Le voci che il testo mette in sintonia riconoscono senza indietreggiare la realtà spesso complicata del mondo dei servizi in cui vive e lavora l’educatore. L’emergenza del paradigma sanitario, una logica di tipo aziendale, il lavoro burocratico insieme alla iperspecializzazione e la frammentazione dei saperi che parlano dell’umano, favoriscono il ritiro dell’educatore che finisce o per eseguire pratiche definite una volta per tutte o per aderire a quelle già in uso nel contesto; il libro propone invece la figura di un professionista capace di intervenire in modo riflessivo e originale, accettando l’incertezza spesso paradossale del lavoro educativo.
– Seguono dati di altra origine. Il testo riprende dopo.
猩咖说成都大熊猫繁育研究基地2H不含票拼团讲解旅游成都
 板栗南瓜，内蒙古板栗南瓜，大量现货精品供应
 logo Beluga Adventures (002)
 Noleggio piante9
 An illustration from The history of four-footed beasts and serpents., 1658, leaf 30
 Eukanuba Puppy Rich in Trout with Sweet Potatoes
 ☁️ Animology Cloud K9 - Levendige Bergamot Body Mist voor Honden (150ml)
Questo educatore, disposto a confrontarsi con difficoltà e fatiche quotidiane, è un professionista di primo livello che sa agire in modo autonomo (sulla base di un robusto lavoro d’equipe) perché sa leggere le situazioni in cui lavora, il mondo di chi incontra come utente e lo scenario che ci circonda. La sua capacità di intervento efficace riguarda la costruzione di esperienze di senso alternative, che sappiano aprire davvero al nuovo. Non è facile lavorare come educatori nella attuale temperie culturale, in un tempo storico-economico periodicamente in crisi e tuttavia proprio all’educatore è affidato un ruolo primario nella costruzione di un welfare che sta cambiando: dove alla salvaguardia delle tutele, “i diritti”, si affianchino responsabilmente anche “i doveri”, cioè il servizio e la condivisione generative di una vita in comune.
Si tratta di proporre esperienze ma anche di accompagnare la riflessione su di esse. Vivendo le esperienze progettate, non si apre al nuovo solo l’educando ma anche l’educatore, che responsabile di ciò che offre sa uscire di scena fin dai piccoli gesti quotidiani di separazione. Senza nessuna subalternità rispetto ad altre figure né superiorità nei confronti dell’educando, si presta a quella cura che apre gli orizzonti – il futuro – per ritornare o provare a sperare e sognare (utopia), magari per la prima volta.
La progettualità esistenziale infatti per tutti gli autori, pur con sensibilità e interessi differenti, è il cuore dell’educazione e la sua valenza politica: disporsi a questo impegno, che oggi appare ai più inattuale, vuol dire coniugare la disposizione alla ricerca con la domanda stessa sull’umano, diffidare delle facili certezze e confermare invece quell’attitudine interrogante che si lascia abitare anche dall’angoscia. L’educazione infatti oggi è chiamata a ricordare e frequentare quella dimensione antropologica che la nostra tradizione nomina come coscienza. Esercitare la coscienza, l’intenzionalità, non significa però chiudersi nel solipsismo ma aprirsi all’altro, alla relazione. In questo senso educare è sempre disporsi all’incontro, al nuovo, alla vita. Ciò che sostiene una tale professionalità, è l’avere alle spalle una visione antropologica sicura ma è aperta a ogni riflessione sull’umano che non chiuda, riduca, imbrigli o standardizzi la condizione umana. Essere responsabili nella relazione educativa, nella asimmetria di ruolo, comporta assumere quel rischio sempre esistente quando ci si espone al cambiamento, convinti che le possibilità siano più della realtà. Così il darsi come fine anche la fine della stessa relazione educativa, traguarda in un nuovo inizio. Così viene passato il testimone e la vita si rinnova.
Quale pedagogia per questi professionisti della cura? Non un sapere frammentato ma complesso, non un sapere che ha pronte risposte su tutto e tutti, ma certo capace di dare senso; un sapere autorevole. L’educazione non è l’oggetto esclusivo della pedagogia: altri esperti ne parlano, occorre conoscere questi punti di vista senza rinunciare ad averne uno proprio; autonomo. La sintesi critica che si affida al pedagogista come professionista di secondo livello, è ancorata all’esistente, alle possibilità inscritte in una situazione reale che si conosce bene e sulla quale si opera consapevolmente. “Sacri” allora diventeranno tutti i gesti quotidiani dell’educatore perché saranno in grado di rigenerare la vita.